Each replica advertises itself by creating and periodically renewing a coordination.k8s.io/Lease object. The shard ID is the pod hostname, which gives stable identities for StatefulSets and unique identities for Deployments.
The leader assigns shards. A coordinator running on the leader watches for new Executions without a kontinue.cloud/shard label and assigns them to alive replicas using round-robin.
Each replica processes its own shard. The ExecutionReconciler filters Executions by its shard label, so each replica only reconciles the Executions assigned to it.
Dead replicas are detected automatically. The leader periodically checks for expired leases and reassigns those Executions to alive replicas.

Leader election remains enabled. The leader handles shard coordination in addition to running its own shard of Executions. Standard controllers (Suspension, ScheduledExecution) continue to run only on the leader.

Child Execution Placement

By default, child Executions inherit the parent’s shard label, keeping the parent and child on the same replica. This is required for goroutine-based parent/child coordination to work correctly.

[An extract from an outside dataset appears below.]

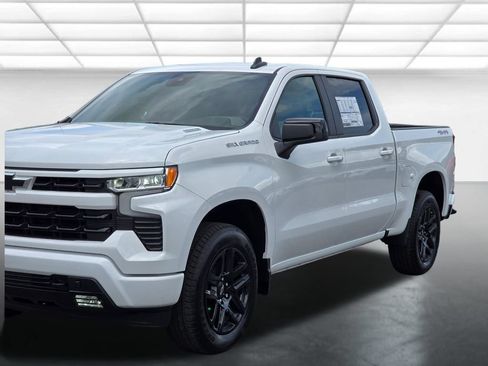 New 2026 Chevrolet Silverado 1500 RST w/ All Star Edition Plus AWD/4WD image 42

If you have large child Executions that would benefit from being distributed across replicas, you can opt out of shard inheritance:

result, err := kontinue.Execute[MyResult](ktx, "heavy-task", args, &kontinue.ExecuteOptions{
    DisableShardInheritance: true,
})

When DisableShardInheritance is set, the child Execution won’t inherit the parent’s shard label. The shard coordinator will assign it to any available replica, which can be used to more evenly distribute load of large child Executions.

Mutex Executions

Executions with a Mutex are always assigned to the leader’s shard. This ensures mutex coordination happens on a single replica without distributed locking.

Querying by Shard

You can filter Executions by shard using the kontinue.cloud/shard label:

# List executions assigned to a specific shard
kubectl get executions -l kontinue.cloud/shard=my-worker-0

# List executions that haven't been assigned yet
kubectl get executions -l '!kontinue.cloud/shard'